CN114107435A - Activatable photoacoustic-fluorescence dual-mode probe for real-time monitoring of immunotherapy and application - Google Patents

Abstract

The invention relates to the technical field of immune medical research, in particular to an activatable photoacoustic-fluorescent dual-mode probe for real-time monitoring of immunotherapy, and further discloses a preparation method and application thereof. The activatable photoacoustic-fluorescence dual-mode probe for real-time monitoring of immunotherapy consists of a PDL1 antibody and a granzyme B substrate peptide, wherein the surface of the granzyme B substrate peptide is modified with a fluorescent group and a quenching group, and the probe is an activatable photoacoustic/fluorescence dual-mode probe based on a PDL1 antibody and is used for monitoring the activity of the granzyme B.

Description

Activatable photoacoustic-fluorescence dual-mode probe for real-time monitoring of immunotherapy and application

Technical Field

The invention relates to the technical field of immune medical research, in particular to an activatable photoacoustic-fluorescent dual-mode probe for real-time monitoring of immunotherapy, and further discloses a preparation method and application thereof.

Background

The immunotherapy of tumor is to stimulate and enhance the immune function of the organism and enhance the anti-tumor immunity of the tumor microenvironment so as to achieve the purpose of controlling and killing tumor cells. However, since immunotherapy can only eliminate a small amount of disseminated tumor cells and has limited efficacy on advanced solid tumors, it is often used as an adjuvant therapy in combination with conventional methods such as surgery, chemotherapy, and radiotherapy. In general, after a large amount of tumor cells are cleaned by a conventional method, the remaining tumor cells are cleaned by immunotherapy, so that the effect of comprehensive treatment of tumors can be improved.

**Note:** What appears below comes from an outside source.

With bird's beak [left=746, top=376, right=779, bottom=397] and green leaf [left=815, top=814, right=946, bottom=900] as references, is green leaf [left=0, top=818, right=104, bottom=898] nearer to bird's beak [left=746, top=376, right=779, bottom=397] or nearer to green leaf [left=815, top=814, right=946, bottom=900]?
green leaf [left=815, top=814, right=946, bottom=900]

The method for tumor immunological therapy is various, has been combined with modern biological high-tech technology, is developed into a fourth tumor therapy mode after surgery, chemotherapy and radiotherapy, namely a biological tumor therapy method, obtains remarkable treatment effect in clinical trials, and is the most potential tumor therapy strategy. However, due to the differences in heterogeneous immune responses, accurate monitoring of efficacy remains a major challenge. Traditional imaging techniques such as PET/CT and MRI greatly affect the evaluation of therapeutic efficacy and prognosis in early treatment due to lack of sensitivity and specificity of early response assessment, and are not favorable for optimization of clinical treatment protocols. Therefore, how to realize real-time monitoring of immunotherapy to guarantee clinical treatment effect has positive significance for development and application of tumor immunology.

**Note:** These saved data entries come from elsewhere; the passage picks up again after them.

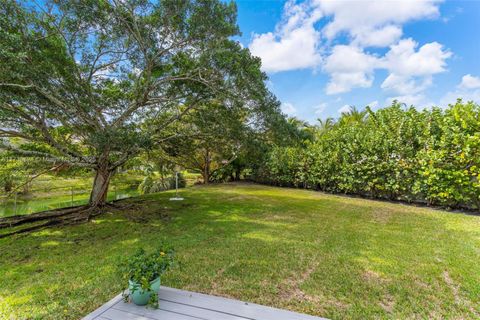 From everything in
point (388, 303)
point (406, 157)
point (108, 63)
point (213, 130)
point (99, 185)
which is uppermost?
point (108, 63)

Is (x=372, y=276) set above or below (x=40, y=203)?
above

The information disclosed in this background section is only for enhancement of understanding of the general background of the invention and should not be taken as an acknowledgement or any form of suggestion that this information forms the prior art already known to a person skilled in the art.

Disclosure of Invention

The invention aims to provide an activatable photoacoustic-fluorescent dual-mode probe for real-time monitoring of immunotherapy, which can monitor the immunotherapy reaction in real time and distinguish high-reactivity tumors from low-reactivity tumors;

the invention also aims to provide a preparation method and application of the activatable photoacoustic-fluorescence dual-mode probe for real-time monitoring of immunotherapy.

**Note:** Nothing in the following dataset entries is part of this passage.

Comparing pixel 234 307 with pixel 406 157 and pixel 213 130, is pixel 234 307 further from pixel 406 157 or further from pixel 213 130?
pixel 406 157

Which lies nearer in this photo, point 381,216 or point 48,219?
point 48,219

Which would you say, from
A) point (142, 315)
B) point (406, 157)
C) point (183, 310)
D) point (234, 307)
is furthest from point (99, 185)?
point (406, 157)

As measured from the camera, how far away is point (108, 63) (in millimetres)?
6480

In order to achieve the aim, the invention provides an activatable photoacoustic-fluorescence dual-mode probe for real-time monitoring of immunotherapy, which consists of a PDL1 antibody and granzyme B substrate peptide, wherein the surface of the granzyme B substrate peptide is modified with a fluorescent group and a quenching group.

Specifically, the granzyme B substrate peptide has a core peptide segment structure shown as Ile-Glu-Pro-Asp, and the structures at other positions can be adaptively changed. Preferably, the granzyme B substrate peptide is selected to have a peptide fragment structure as shown by Gly-Lys (Dabcyl) -Ile-Glu-Pro-Asp-Ala-Pro-Cys (FITC). It is noted that dabcyl and FITC are not fixed as quenching and fluorescent groups and can be varied as desired. Normally dabcyl and FITC are used in vitro studies, while IRDye800CW and IRDye QC1 in the near infrared are generally needed in vivo studies because of the greater ease of detection of the nir in vivo.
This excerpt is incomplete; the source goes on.